A number of organizations use your credit score to determine eligibility for their services. Essentially, it’s a calculation formulated by gauging your current and past financial performance, in effort to predict future behavior. The end result is a measure also known as creditworthiness.
Your credit score is a convenient three digit representation of the information contained in your credit report, which includes a listing of all current and past credit accounts open under your name, such as loans, credit cards or other installment agreement. Account records note the date each account was opened, your bill-payment history and your current balance. Additionally, your credit report will detail any negative information, such as late payments, accounts in collection, bankruptcy, foreclosures, liens and judgments.
It's easy to make the assumption that only lenders trying to approve financial accounts would check your credit score, but in truth a host of others evaluate your credit. Your credit can be used in several scenarios, for instance to set insurance rates, secure employment, land your apartment’s move-in special or avoid the utility company’s initial surcharge.
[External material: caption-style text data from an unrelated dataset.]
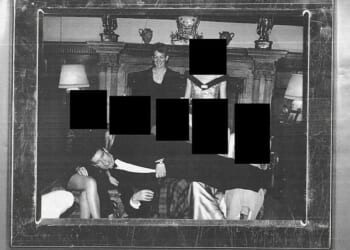 A picture of Andrew Mountbatten-Windsor lying across a row of women in a photo during a black-tie event with Ghislaine Maxwell has been released as part of the Epstein files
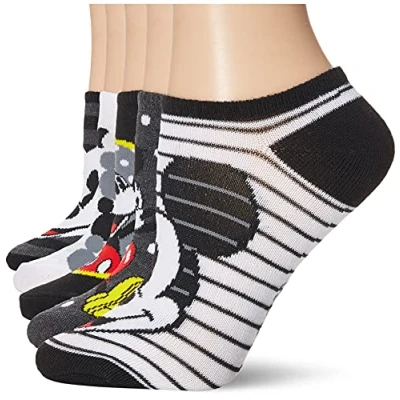Abbildung von Disney Women&#039;s Mickey Mouse 5 Pack No Show, Black Stripe Multi, Fits Sock Size 9 11 Shoe 4 10.5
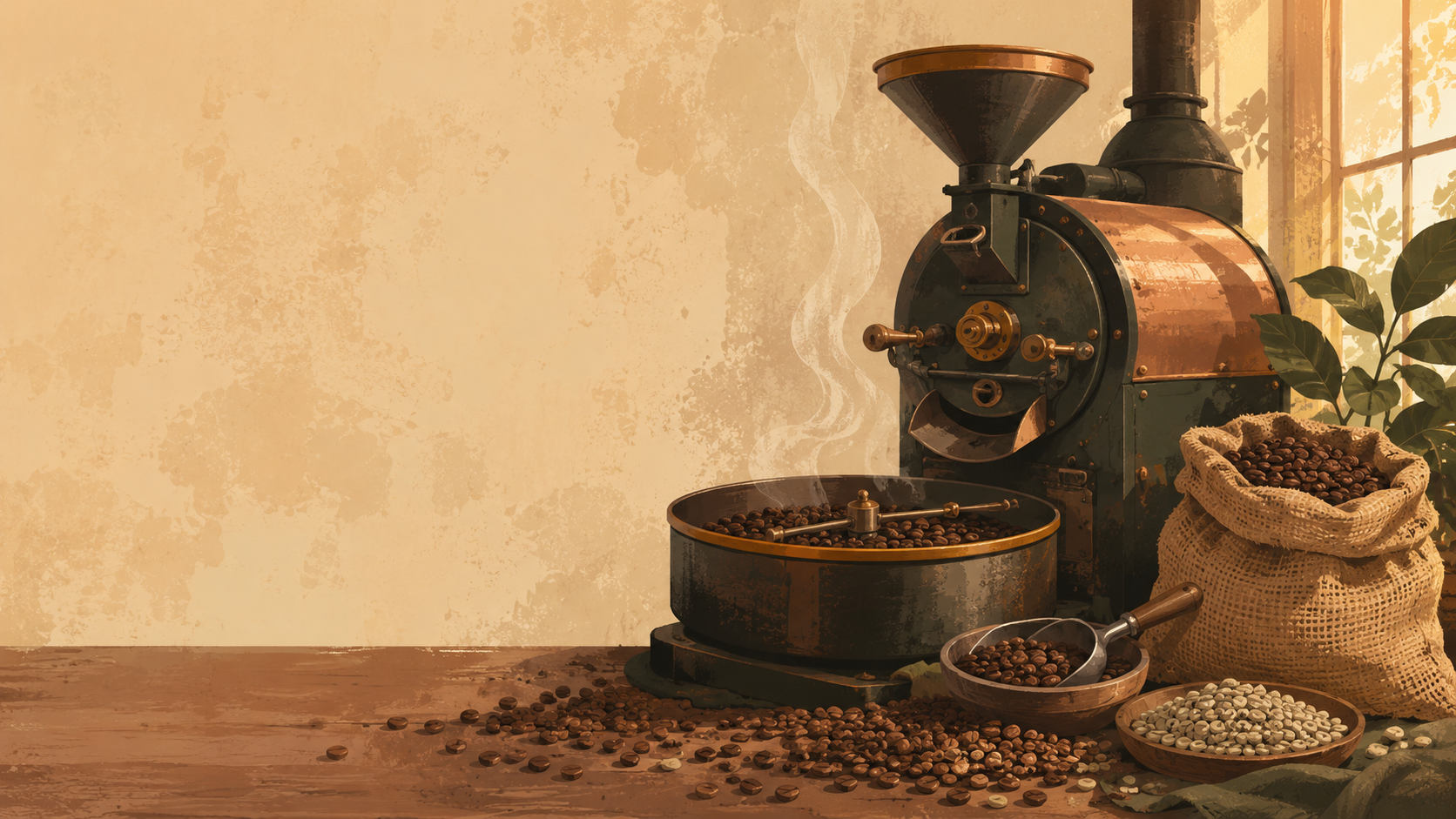 A cupping table scattered with green and roasted coffee beans, a brass scoop, and a hand-written tasting card.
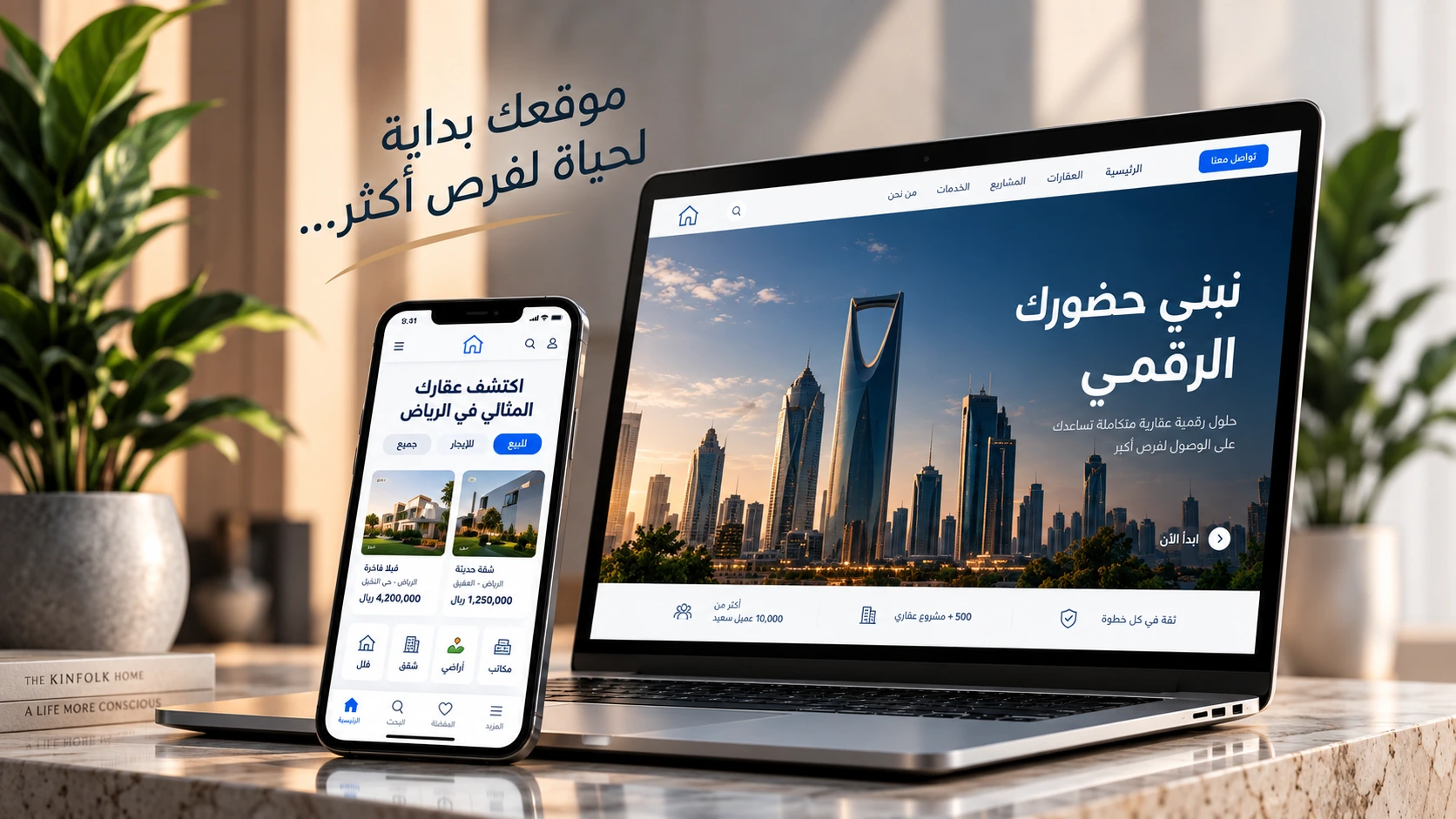 موقع إلكتروني معروض على حاسوب وهاتف في مكتب مضيء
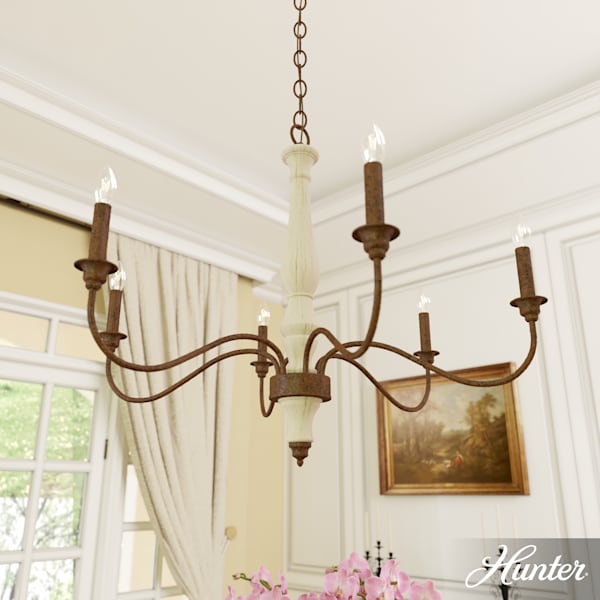 Hunter Teren 6 Light Chandelier - Distressed White/Textured Rust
Lenders check your credit score to decide whether or not to grant you access to credit, assign interest rates and set a credit limit for the account. Lenders prefer to see a credit score that reflects positive payment history and a low credit utilization rate. Such behaviors exemplify the ability to use credit responsibly without depending on it.
Insurance companies correlate your credit score with the number of claims you are likely to file. According to insurance agents, drivers who have high credit scores tend to file fewer claims. When you apply for insurance, the premium you are charged and the rate you receive is based in some part on your credit score. It’s important to note that four states have banned this practice: California, Massachusetts, Hawaii and Maryland.
It’s becoming more common for employers to use credit checks as part of the hiring process. A 2010 survey by the Society for Human Resource Management noted 60% of employers using this practice, an increase of almost 100% from just seven years prior. Similar to lenders and insurers, employers associate good credit with responsibility and discipline. Not all employers pull an applicant's credit history or place tremendous weight on it, but individuals working in government or financial roles can expect their credit scores to be a factor.
When you open utility accounts – including electric, cable and telephone services – the utility company examines your credit history. Utility companies use your credit score to determine whether you will be required to put down a deposit. In some cases, they may even require you to have a co-signer.
Lastly, landlords request a prospective tenant's credit score to measure the likelihood that he or she will pay rent on time. This is primarily the case for apartment complexes controlled by real estate companies, rather than individuals. A strong credit score can mean a smaller security deposit or qualifying for a move-in special such as, first month free. On the contrary a low credit score can cause penalties such as doubling the security deposit required.